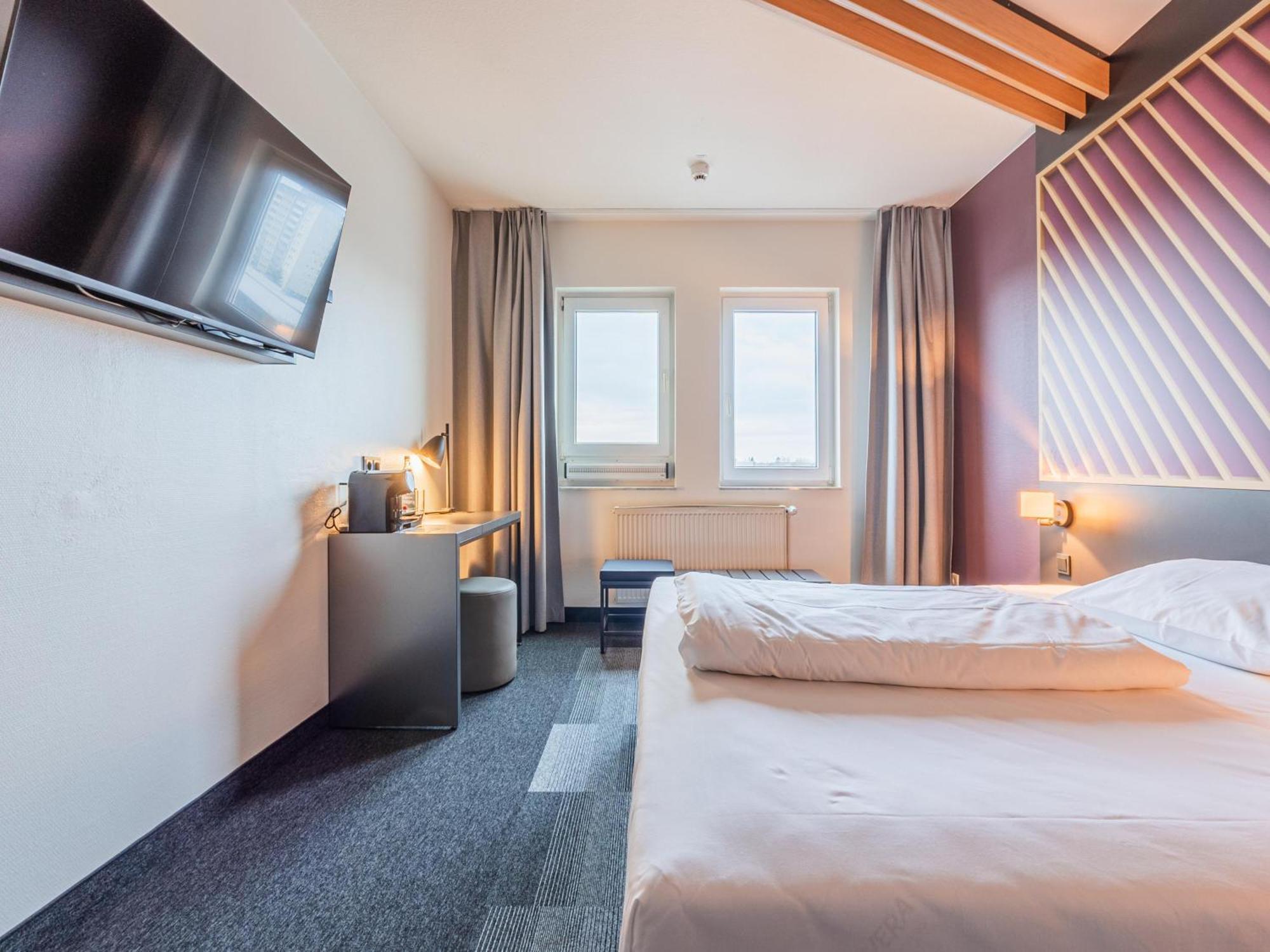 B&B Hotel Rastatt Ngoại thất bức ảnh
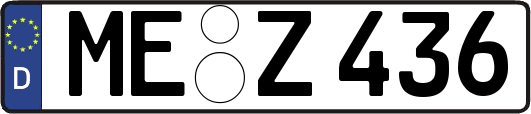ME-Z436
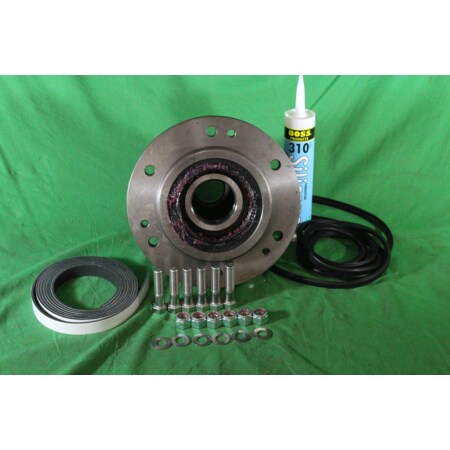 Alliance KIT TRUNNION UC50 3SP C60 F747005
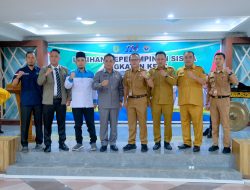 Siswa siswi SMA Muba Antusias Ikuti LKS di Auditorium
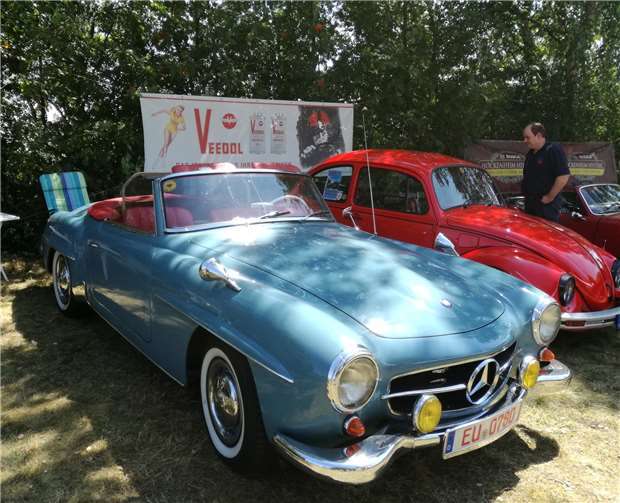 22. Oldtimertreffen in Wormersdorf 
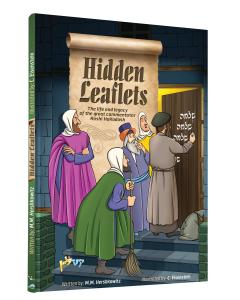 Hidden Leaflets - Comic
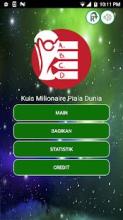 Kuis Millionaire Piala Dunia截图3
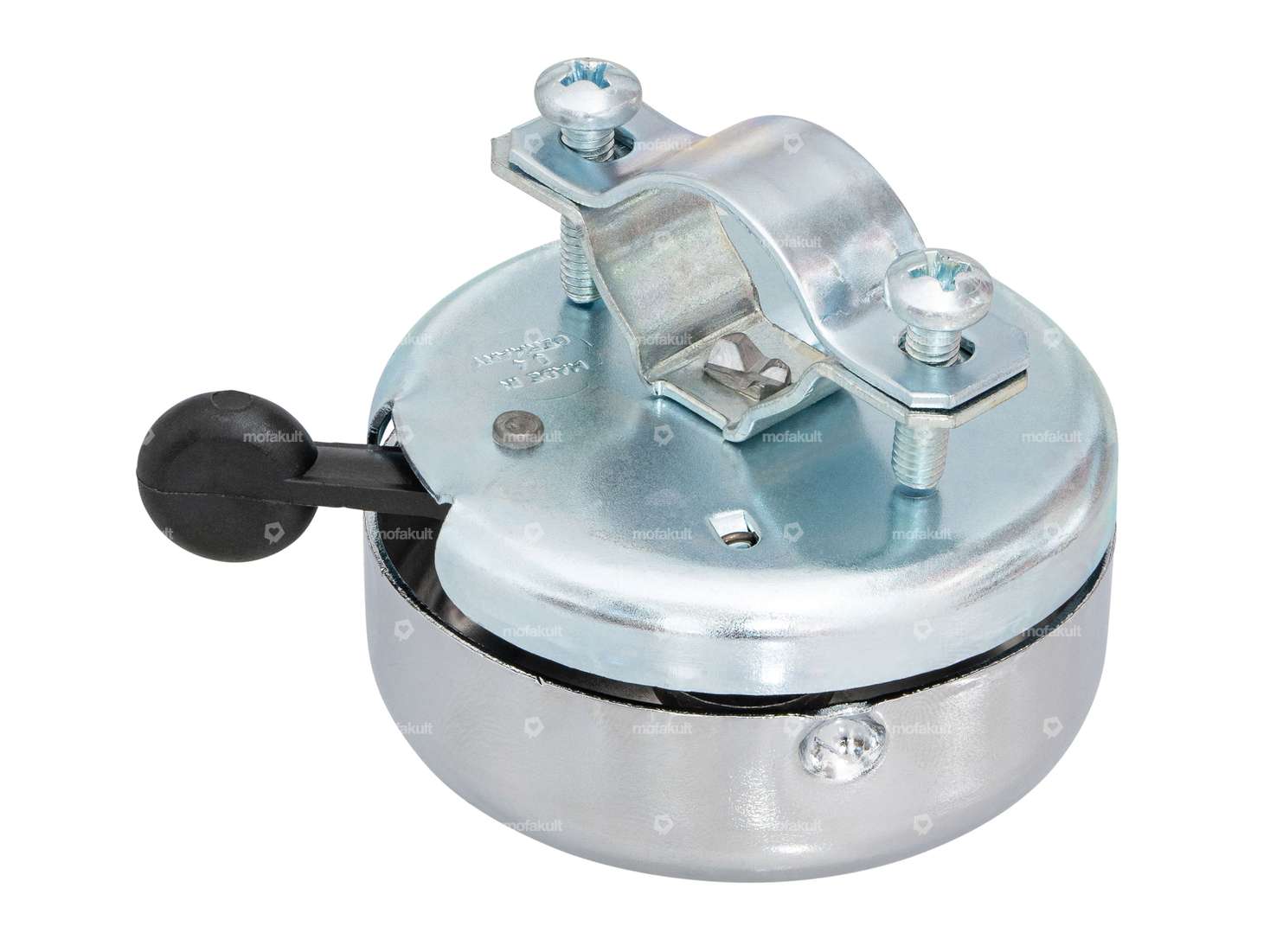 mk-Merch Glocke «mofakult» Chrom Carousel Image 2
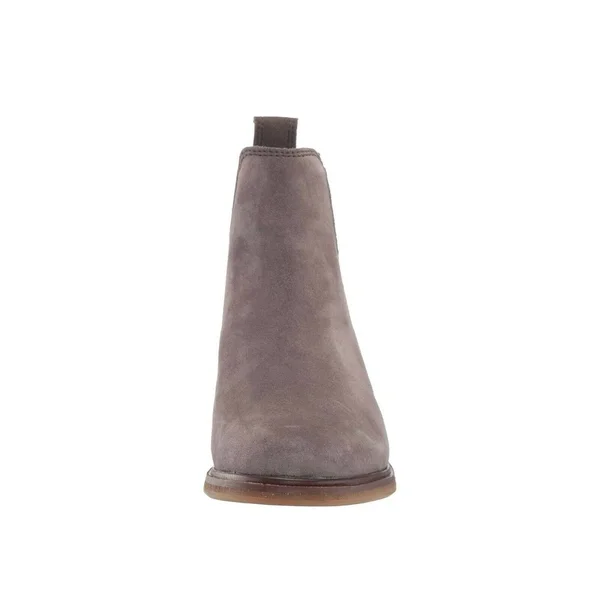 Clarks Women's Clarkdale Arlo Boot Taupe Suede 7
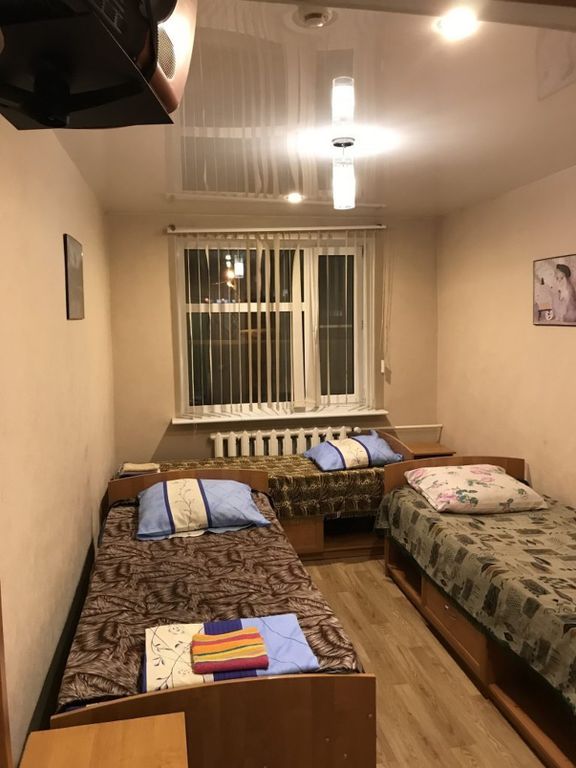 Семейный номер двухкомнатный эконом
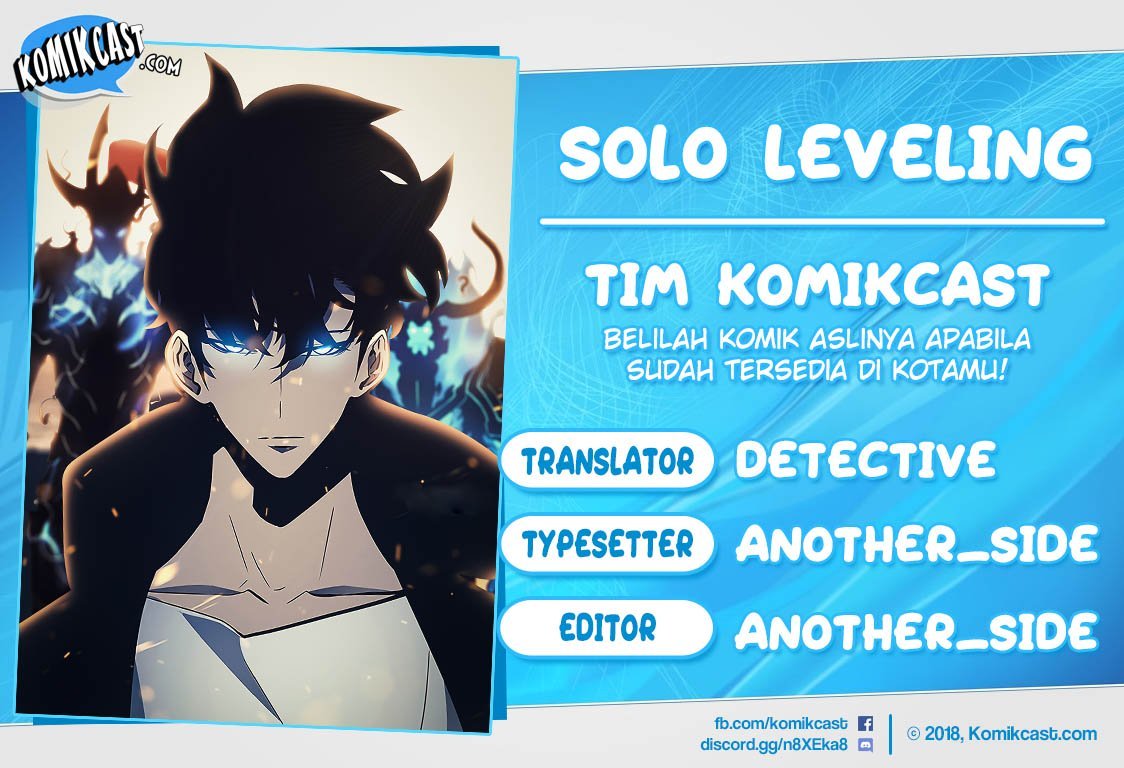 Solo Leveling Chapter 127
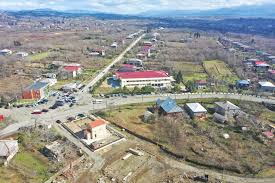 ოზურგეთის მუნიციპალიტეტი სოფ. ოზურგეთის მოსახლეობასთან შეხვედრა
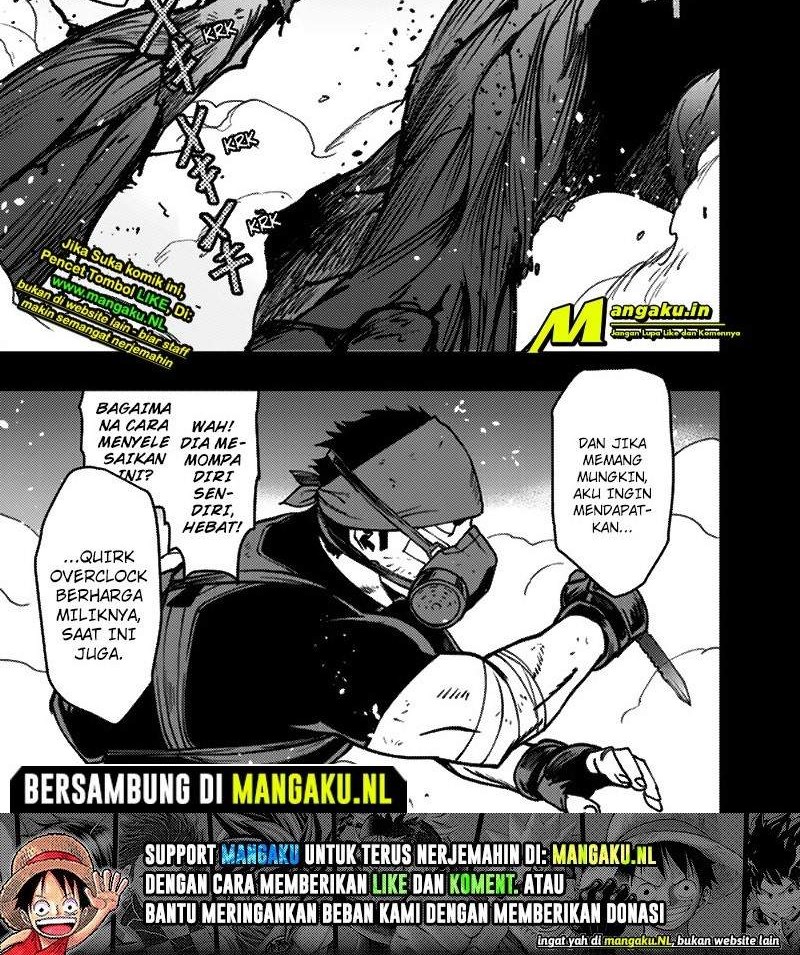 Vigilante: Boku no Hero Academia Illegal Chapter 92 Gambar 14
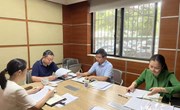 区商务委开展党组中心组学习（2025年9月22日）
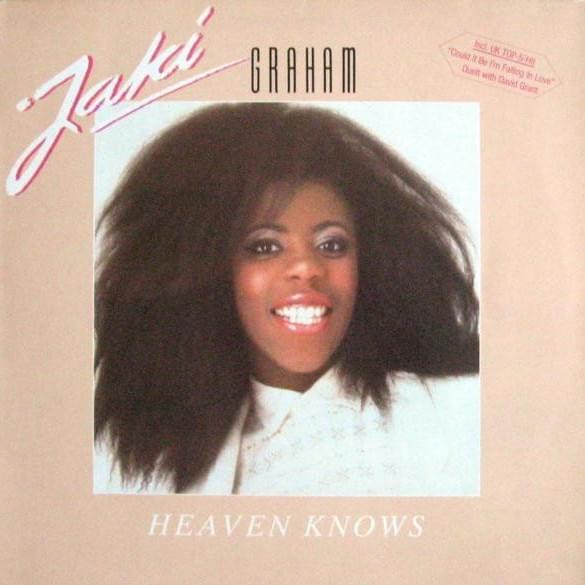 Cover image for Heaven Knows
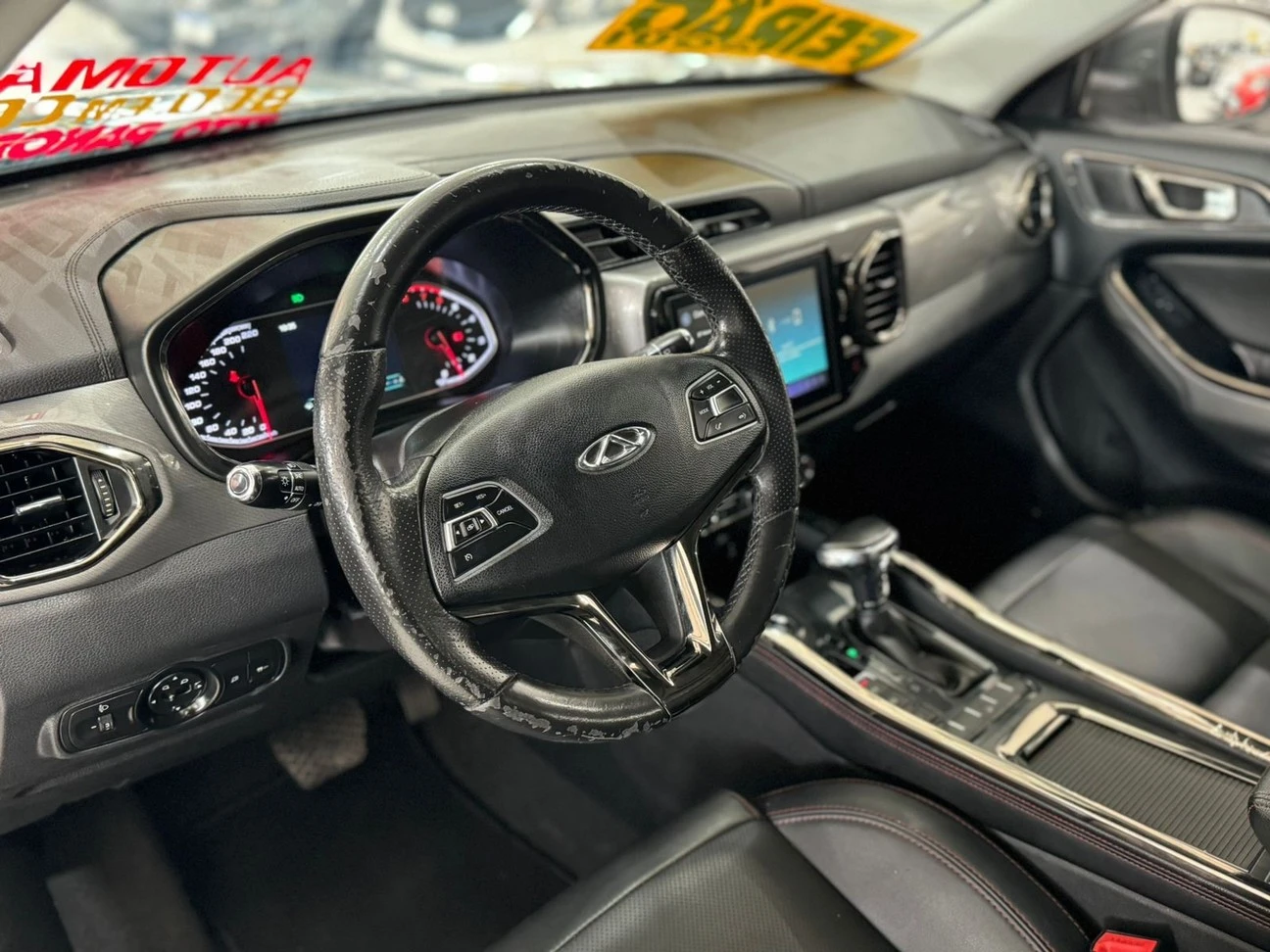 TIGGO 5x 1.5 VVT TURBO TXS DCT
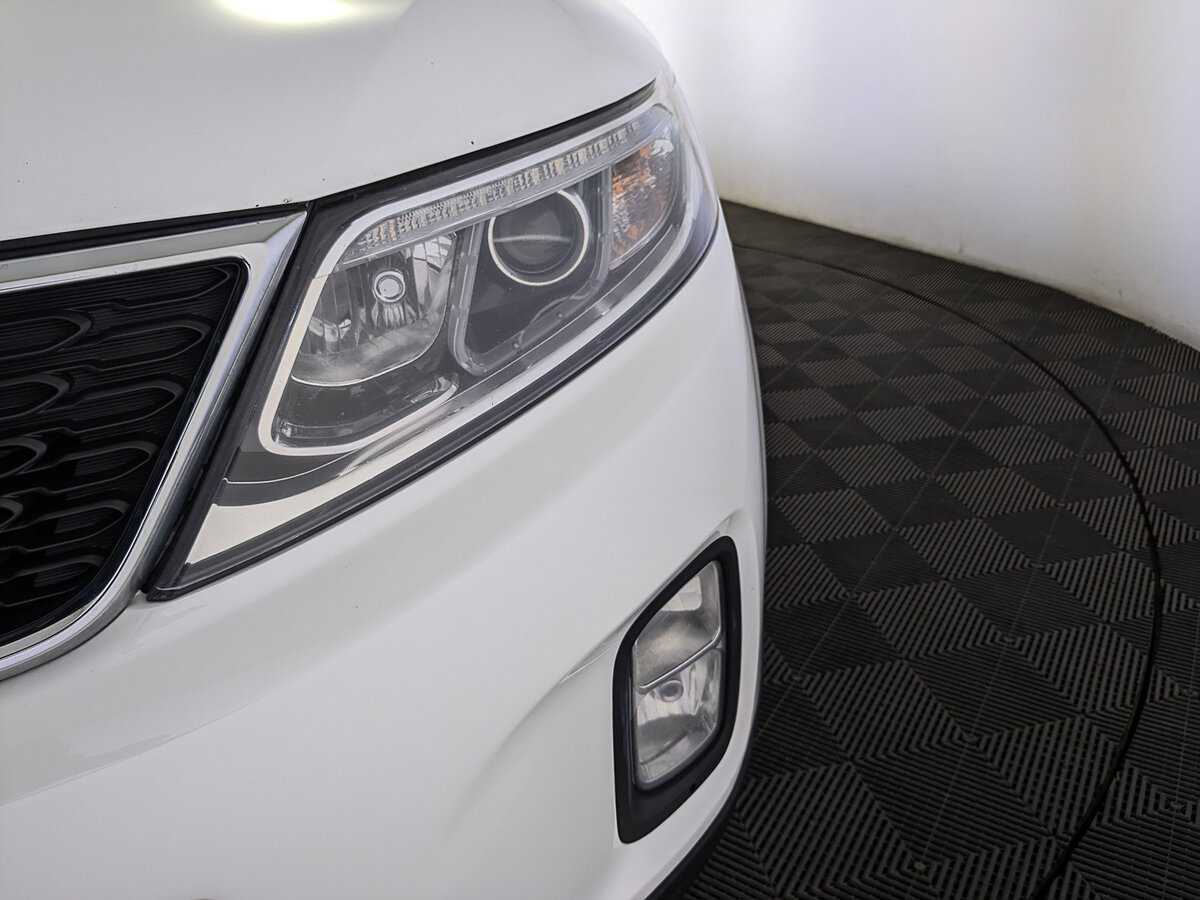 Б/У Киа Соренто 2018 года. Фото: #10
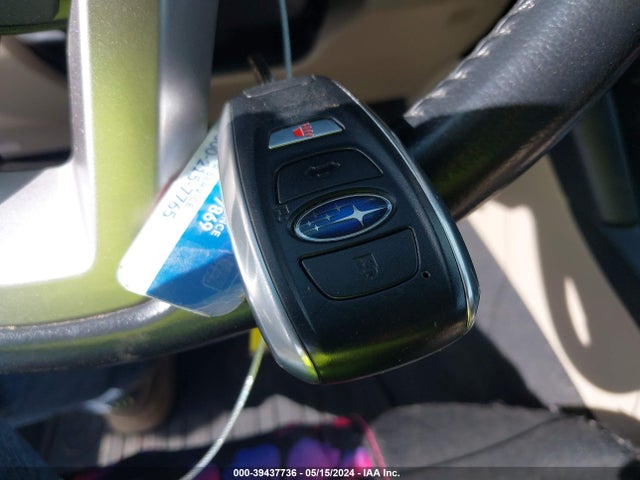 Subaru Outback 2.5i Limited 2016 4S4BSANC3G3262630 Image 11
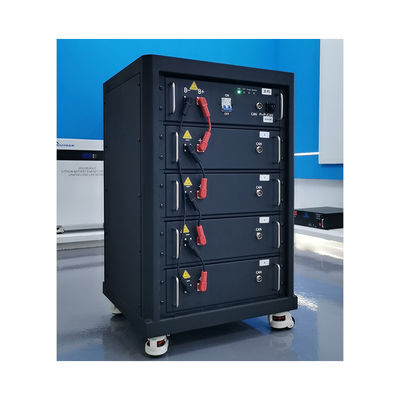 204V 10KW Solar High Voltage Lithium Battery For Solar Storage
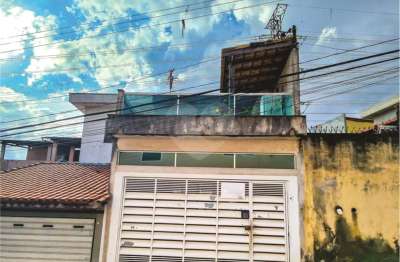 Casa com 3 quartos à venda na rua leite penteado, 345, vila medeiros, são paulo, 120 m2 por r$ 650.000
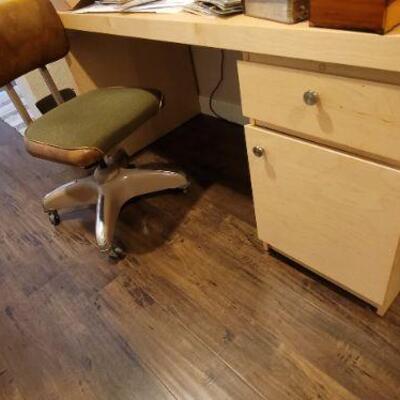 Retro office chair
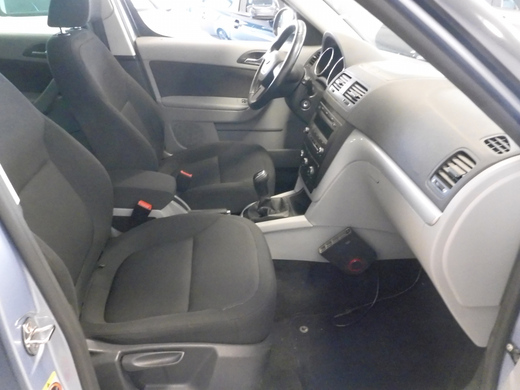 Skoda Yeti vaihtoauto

Required action: Although pictures appear among the records above, write out exactly only the lines from the one that has "Clarks Women's Clarkdale" through the one that has "Subaru Outback 2.5i", and leave the pictures out.

Reply to the exercise:
 Clarks Women's Clarkdale Arlo Boot Taupe Suede 7
 Семейный номер двухкомнатный эконом
 Solo Leveling Chapter 127
 ოზურგეთის მუნიციპალიტეტი სოფ. ოზურგეთის მოსახლეობასთან შეხვედრა
 Vigilante: Boku no Hero Academia Illegal Chapter 92 Gambar 14
 区商务委开展党组中心组学习（2025年9月22日）
 Cover image for Heaven Knows
 TIGGO 5x 1.5 VVT TURBO TXS DCT
 Б/У Киа Соренто 2018 года. Фото: #10
 Subaru Outback 2.5i Limited 2016 4S4BSANC3G3262630 Image 11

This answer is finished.